* _PROBLEM DETAILS_
Keep the pictures out of your copy. Transcribe the records below exactly.

* _SUPPLIED ENTRIES_
§ §
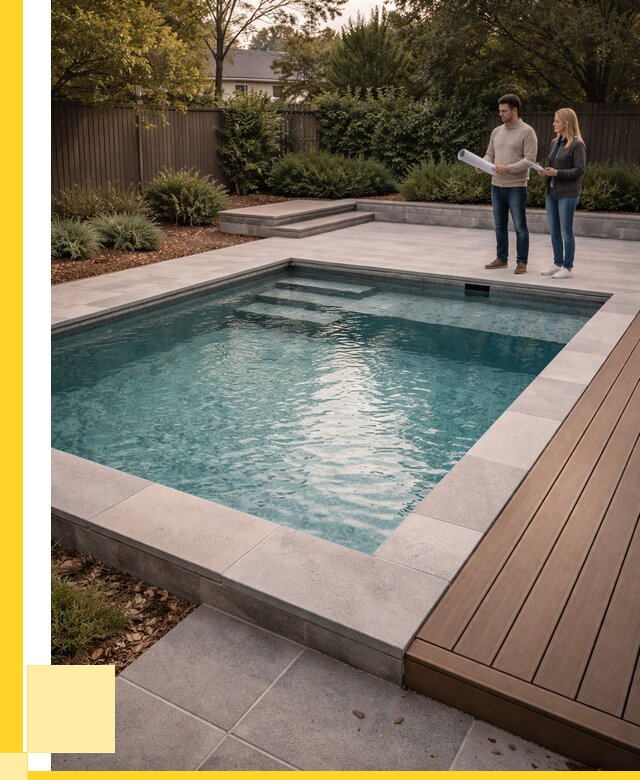 Уличные бассейны под ключ в Тынде от 668005 р. | ЭриданТнд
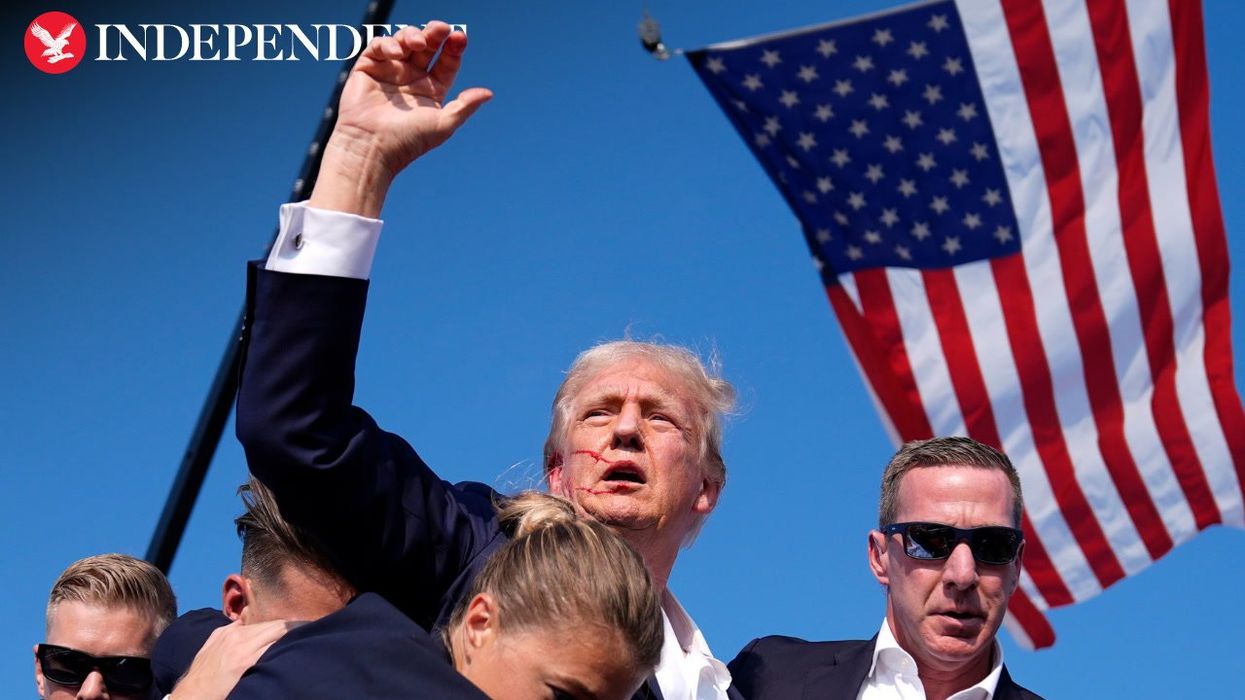 The split-second action that saved Donald Trump's life in assassination attempt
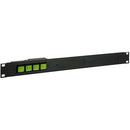 TSL 1 RU Rackmount Panel for EB-4X Control Buddy Button Units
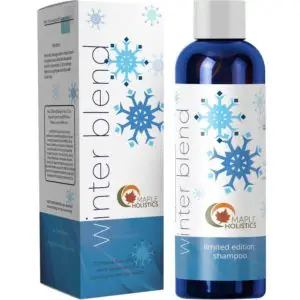 Maple Holistics Winter Blend Daily Sulfate Free Shampoo for Color Treated Hair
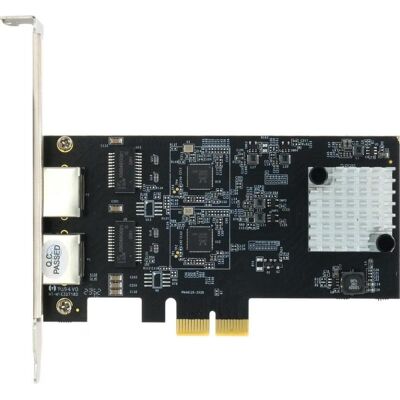 Netzwerkkarte Exsys EX-60152 PCI Express x2 5 Gbit/s Dual RJ45 Ports Netzwerkkarte Exsys EX-60152 PCI Express x2 5 Gbit/s Dual RJ45 Ports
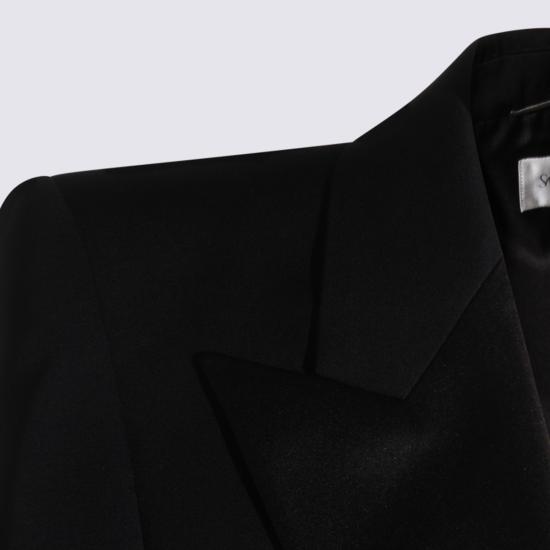 25FW 생로랑 수트 자켓 844999 Y7E631000 Black - SAINT LAURENT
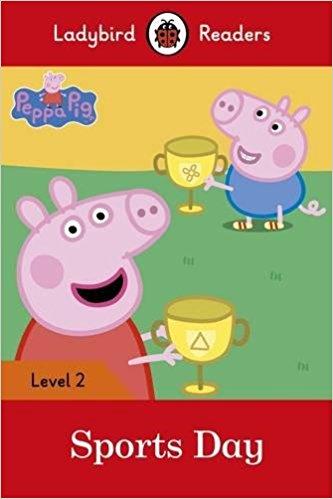 

Книга Level 2 Peppa Pig: Sports Day ISBN 9780241262221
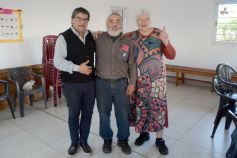 Foto de la galería: Con espectacular locreada, salió la tercera juntada de los ex compañeros y amigos entrañables de El Terri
§ §
* _REPLY TO THE TASK_
 Уличные бассейны под ключ в Тынде от 668005 р. | ЭриданТнд
 The split-second action that saved Donald Trump's life in assassination attempt
 TSL 1 RU Rackmount Panel for EB-4X Control Buddy Button Units
 Maple Holistics Winter Blend Daily Sulfate Free Shampoo for Color Treated Hair
 Netzwerkkarte Exsys EX-60152 PCI Express x2 5 Gbit/s Dual RJ45 Ports Netzwerkkarte Exsys EX-60152 PCI Express x2 5 Gbit/s Dual RJ45 Ports
 25FW 생로랑 수트 자켓 844999 Y7E631000 Black - SAINT LAURENT

Книга Level 2 Peppa Pig: Sports Day ISBN 9780241262221
 Foto de la galería: Con espectacular locreada, salió la tercera juntada de los ex compañeros y amigos entrañables de El Terri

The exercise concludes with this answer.